Sur ce point, vous noterez qu'à chaque fois qu'un Ministre de l'Education nationale s'est attelé à un projet de réforme du lycée, et/ou du baccalauréat, il a justifié cette démarche par la nécessité de "rééquilibrer les filières", c'est-à-dire de lutter contre la hiérarchisation considérée comme étant excessive des filières. Et à chaque fois, un large consensus vient appuyer cette démarche. Et pour autant, nul à ce jour n'y est parvenu. Nous verrons bien si les réformes du lycée et du baccalauréat du Ministre Blanquer connaîtront un sort plus positif, mais une fois encore, c'est un des objectifs forts visés.
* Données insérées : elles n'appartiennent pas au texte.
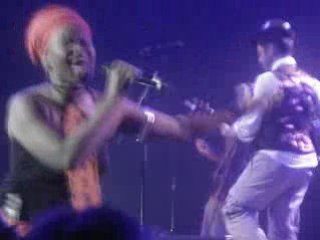 Maé "Va voir ailleurs" 5/12/2008 (Dernier concert Toulon)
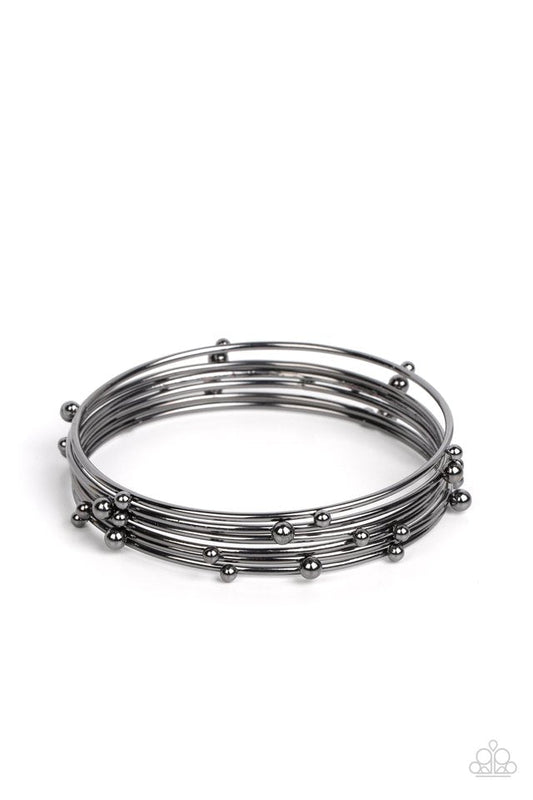 Metro Satellite - Black - Paparazzi Bracelet Image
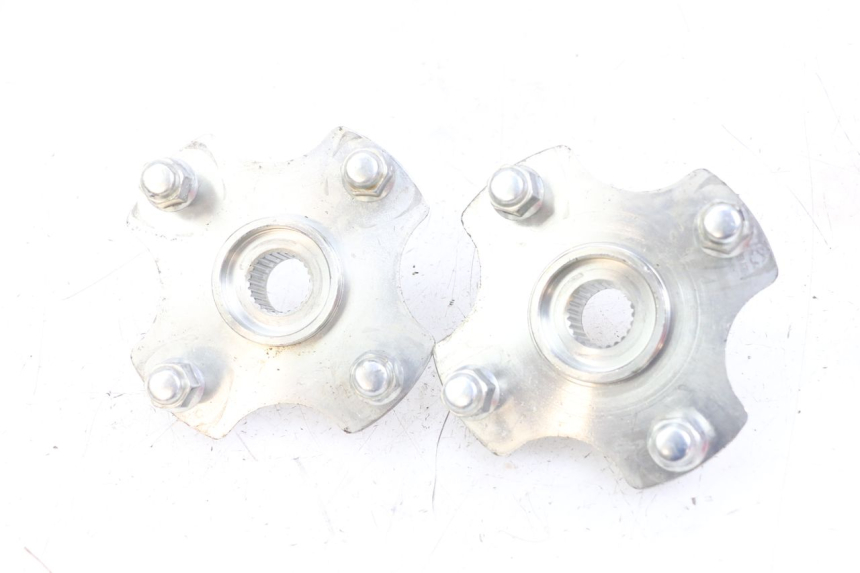 photo de PIASTA KOŁA TYLNEGO HYTRACK ST 170 (2020 - 2024) - Inny kąt widzenia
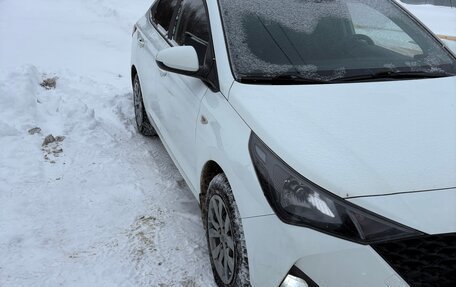 Hyundai Solaris II рестайлинг, 2020 год, 1 420 000 рублей, 4 фотография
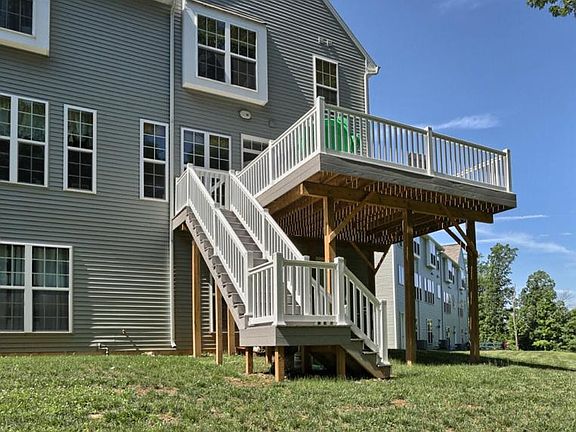 3rd image of 520 Rayburn Ct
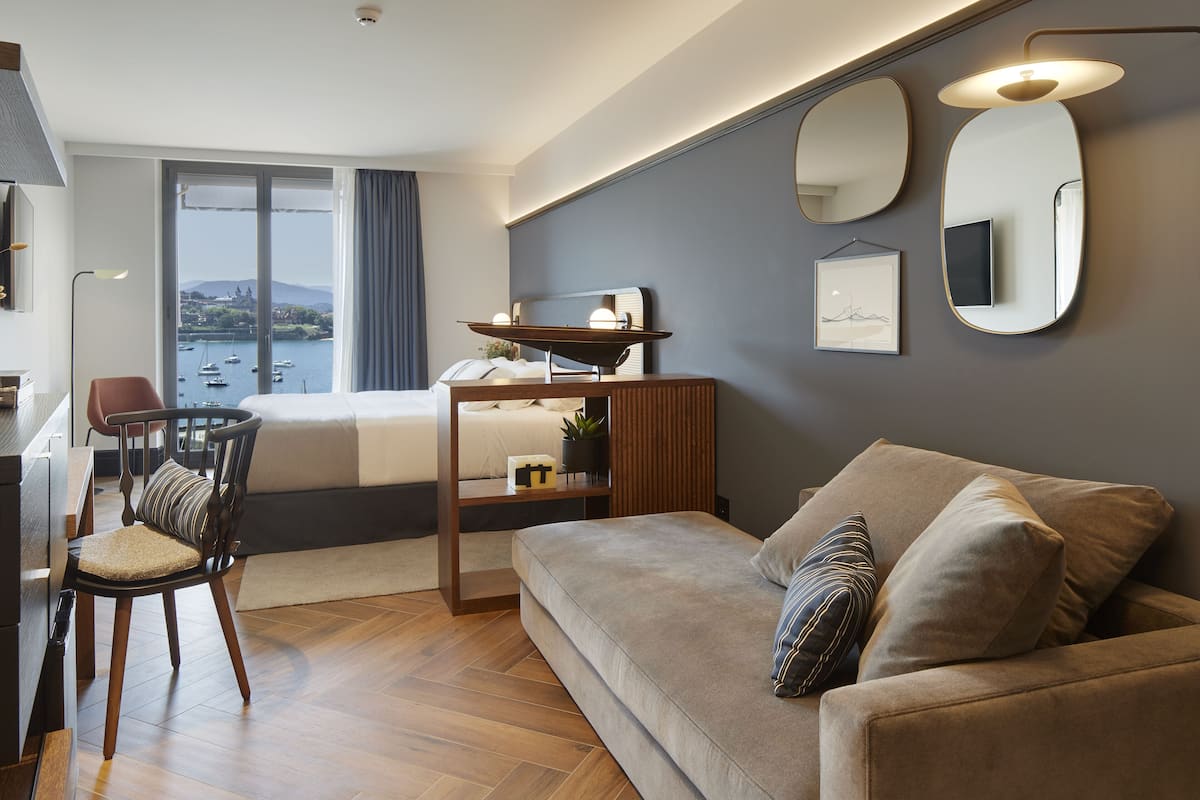 Premium Room | Premium bedding, down comforters, in-room safe, blackout drapes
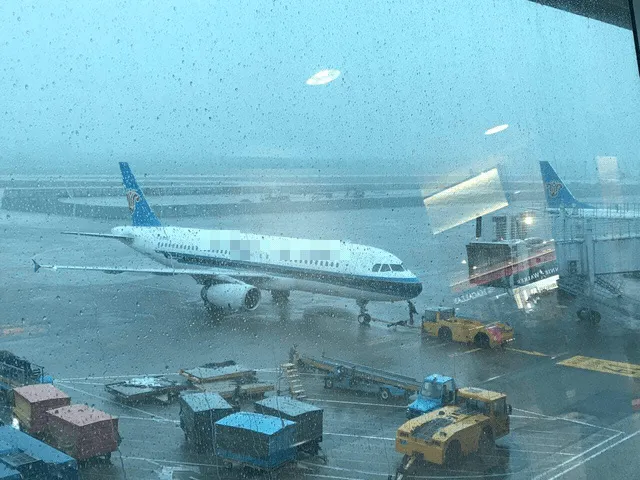 Thêm 5 sân bay tạm đóng cửa do ảnh hưởng của bão Noru 1
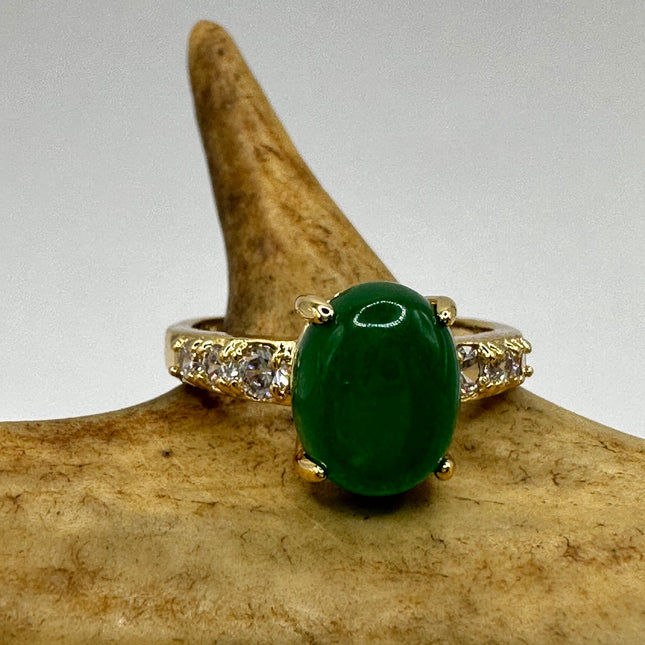Vintage Gold Jade Ring | Lucky Emerald Green Fun Jade White Crystal Gemstone Cocktail | Gold Finished Bronze Band Ring | Size 7
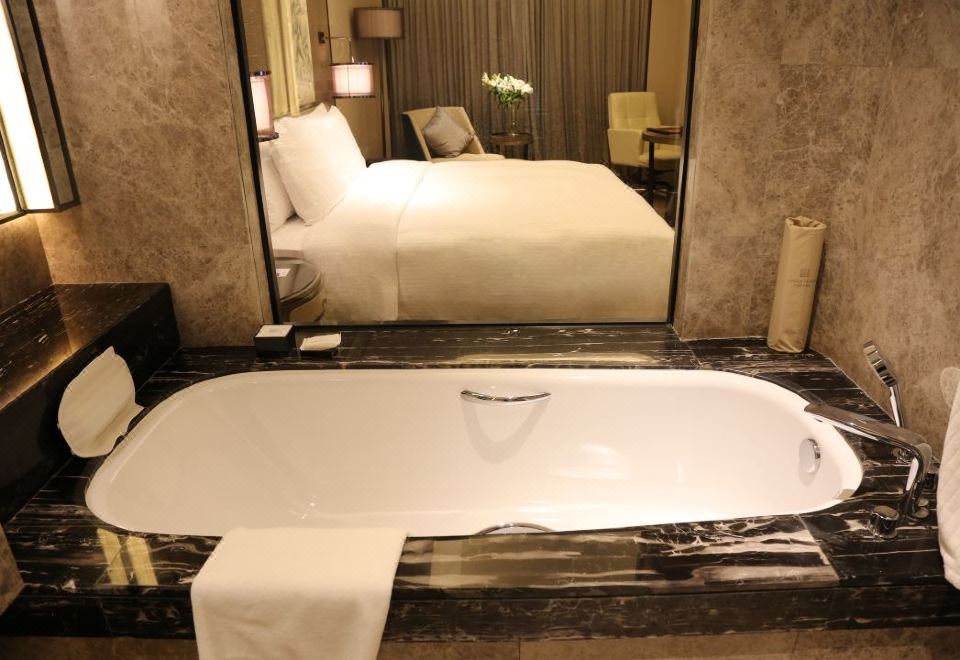 Wanda Realm Tai'anDeluxe Queen Room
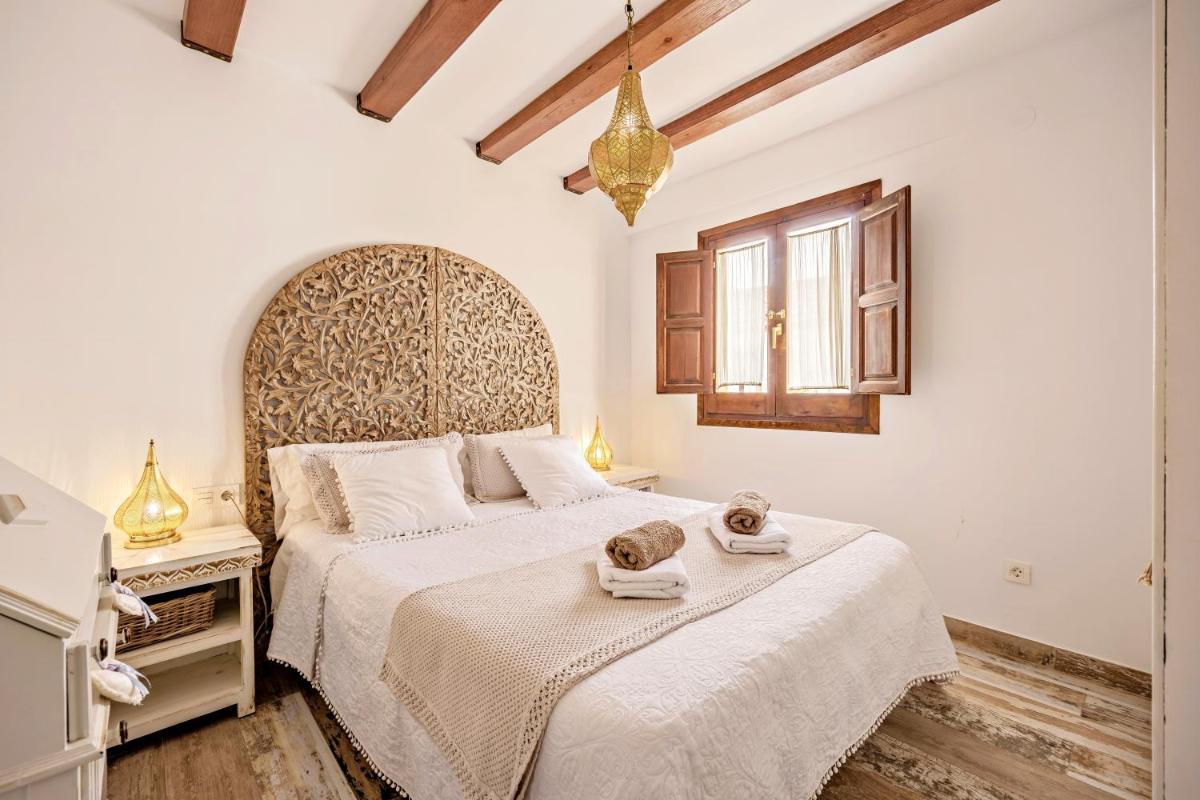 tuGuest Nazarí Calderería Apartments - Free parking - Housity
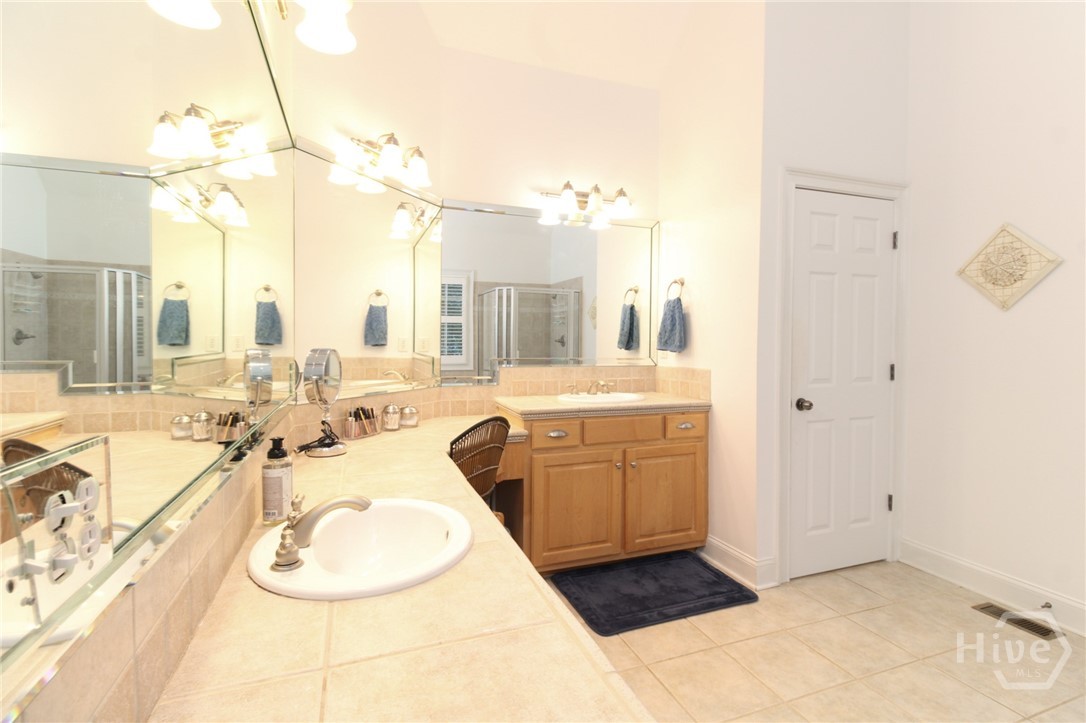 1051 Spring Creek Drive Property Photo 16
Notre pronostic est qu'on n'y parviendrons toujours pas. Pour atteindre un tel objectif, il ne suffit ni de supprimer les filières spécialisées dans la voie générale (bien que ce soit une condition nécessaire), ni de l'inscrire dans le marbre de textes réglementaires très officiels.
Comme le dit fort justement Alain Boissinot, ancien recteur, ancien conseiller de Ministres de l'Education nationale, "la hiérarchie des filières correspond à des réflexes sociétaux très profonds", si bien que les responsables ministériels ne parviennent pas à atteindre un tel objectif.
Je comprends fort bien que l'actuel Ministre pense y parvenir en supprimant les filières dans la voie geberale qui, dans le cadre de la nouvelle réforme du lycée, devient unique. Mais nous sommes nombreux à penser qu'il sera tout à fait possible de reconstituer des parcours hiérarchisés par les choix d'enseignements de spécialité et de certaines options facultatives. Qui ne voit par exemple qu'opter pour les enseignements de spécialité de mathématiques et physique-chimie, et ajouter un enseignement optionnel facultatif de "mathématiques expertes" permettra de se doter d'un profil "super S" qui permettra de se distinguer de la plupart des autres ?
Conclusion
Combien de temps encore avant qu'un Ministre et son Gouvernement ne soient contraints d'assumer le principe de réalité que porte cette folle course en avant ? Il faudra bien un jour que soit posée et débattue la question du statut du baccalauréat francais et du droit, qu'un nombre croissant de personnes considèrent comme étant devenu exorbitant, de passage automatique dans l'enseignement supérieur universitaire qu'il octroie à ses detenteurs.
Il est vrai qu'il s'agit là d'une " patate" très très chaude. Il faudra beaucoup d'énergie, de volonté... et d'abnégation à un Ministre pour se lancer dans un tel débat. Mais ce jour viendra... et il ne faudrait pas qu'il soit trop lointain.